Can someone advice how to proceed ..

Alp answered 3/7, 2009 at 18:19 Comment(2)
look at this link https://mcmap.net/q/219276/-how-can-i-zip-and-unzip-a-string-using-gzipoutputstream-that-is-compatible-with-net/779408. A compress and decompress method is represented there.Domain
For the love of all that is good and right in this world and for the sanity of any developers who write even remotely worthwhile code.....BE AWARE OF ENCODING AS @erickson POINTS OUT! He is the only answer that points this out, which makes me want to cry.Banausic
T
156

The basic setup of decorators is like this:

InputStream fileStream = new FileInputStream(filename);
InputStream gzipStream = new GZIPInputStream(fileStream);
Reader decoder = new InputStreamReader(gzipStream, encoding);
BufferedReader buffered = new BufferedReader(decoder);

The key issue in this snippet is the value of encoding. This is the character encoding of the text in the file. Is it "US-ASCII", "UTF-8", "SHIFT-JIS", "ISO-8859-9", …? there are hundreds of possibilities, and the correct choice usually cannot be determined from the file itself. It must be specified through some out-of-band channel.

For example, maybe it's the platform default. In a networked environment, however, this is extremely fragile. The machine that wrote the file might sit in the neighboring cubicle, but have a different default file encoding.

Most network protocols use a header or other metadata to explicitly note the character encoding.

In this case, it appears from the file extension that the content is XML. XML includes the "encoding" attribute in the XML declaration for this purpose.
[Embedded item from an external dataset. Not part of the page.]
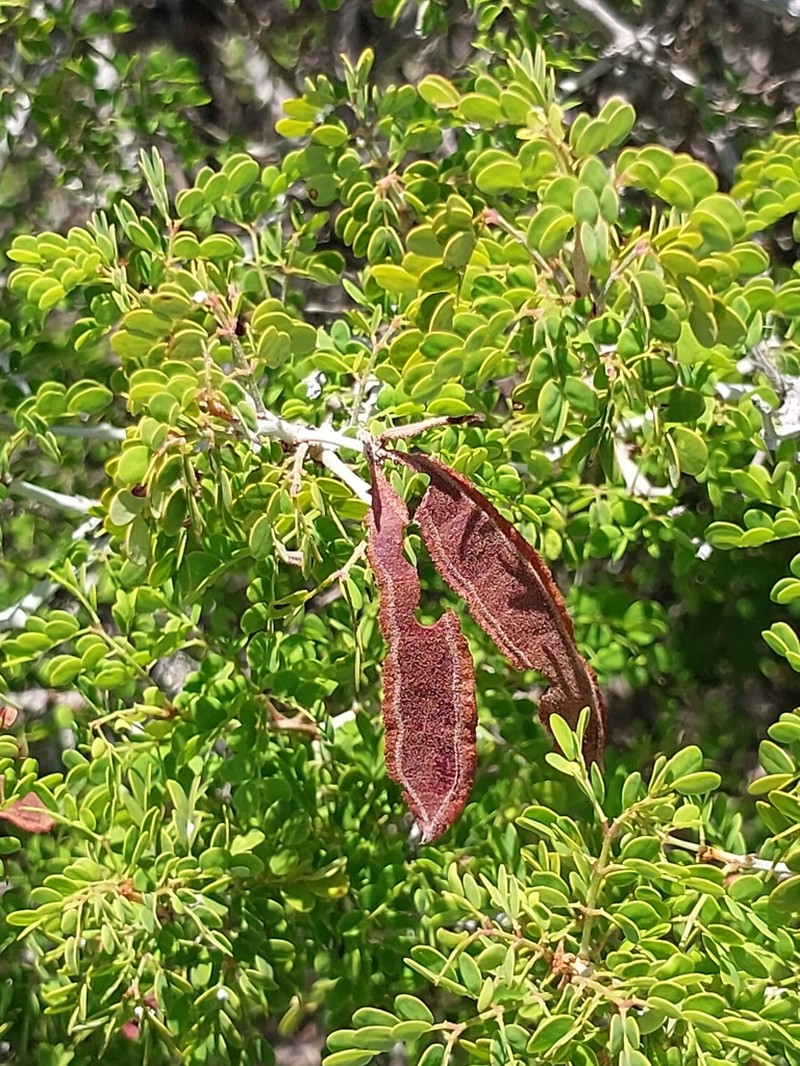 Mimosa bahamensis photo 6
Furthermore, XML should really be processed with an XML parser, not as text. Reading XML line-by-line seems like a fragile, special case.

Failing to explicitly specify the encoding is against the second commandment. Use the default encoding at your peril!

Toting answered 3/7, 2009 at 18:24 Comment(8)
thanks it worked... However, there is no need for reader step .. we can also write it as GZIPInputStream gzip = new GZIPInputStream(new FileInputStream("F:/gawiki-20090614-stub-meta-history.xml.gz")); BufferedReader br = new BufferedReader(new InputStreamReader(gzip));Alp
@KapilD it makes me sad that you completely missed his point about the encoding...as shown by your comment and the example in your comment. Re-read erickson's answer....maybe 30 times over.Banausic
How does gzip command know the encoding? I want to read a lot of files from a lot of linux/unix servers from all over the world... so I want to make sure I do this right... The post mentions encoding usually can not be determined by the file itself... but the gzip -d command seems to work on any file without separate input... (its what I use now but want to circumvent) so I figure if I can just figure out what gzip does to know the encoding, I can do the same. Any thoughts/suggestions can anyone point me in the right direction?Attestation
@Attestation Your question is not clear. Do you mean how can you recognize a gzip file in the absence of some external assertion about content type? One hint is the file extension, another is the presence of the magic number 0x1F8B in the file header. However, you can't know a file is a valid gzip file until you actually process the whole thing.Toting
To be clear I know these files are gzip files. And the gzipped files are all text based files, like csv and pipe delim files. I just want to be able to read these files directly with java line by line. I can gzip -d them and then read them line by line no problem. I was just confused in your comments about having to specify the encoding... I would think most of the files are ASCII... but some might have asian characters so maybe UTF-8? I just want to make sure I do this correctly... Is that any clearer? Thanks!Attestation
@Attestation I see. The gzip command doesn't know the text encoding; it stops after decompressing the file as a string of bytes. It's the other tools on your system that are making assumptions about the character encoding when they render the content as text. In my example, I use an "encoding" parameter that has to be specified somehow. There are some heuristics you can use to guess at the encoding based on content, but they aren't guaranteed.Toting
I see - So the encoding is not needed to unzip but to read it afterwards? Currently I gzip -d the file, and then open it in java and read through line by line with no problem without specifying encoding. I am using a filereader (instead of an inputstreamreader) in my bufferedreader.. is that filereader doing the heuristics for me then? Can the inputstreamreader do the same heuristics? Or is there already built code I can use to do the heuristics? I would prefer to use something well tested, than write my own. Can you point me in the right direction? Thanks!Attestation
Against the Second Commandment then means .. what .. we are idolizing /making an idol of the default encoding?Iffy
R
45
GZIPInputStream gzip = new GZIPInputStream(new FileInputStream("F:/gawiki-20090614-stub-meta-history.xml.gz"));
BufferedReader br = new BufferedReader(new InputStreamReader(gzip));
br.readLine();

Rutheruthenia answered 3/7, 2009 at 18:23 Comment(1)
Your answer is great. Short and concise .. However, erickson's answer is more detailed.Alp
S
4
BufferedReader in = new BufferedReader(new InputStreamReader(
        new GZIPInputStream(new FileInputStream("F:/gawiki-20090614-stub-meta-history.xml.gz"))));

String content;

while ((content = in.readLine()) != null)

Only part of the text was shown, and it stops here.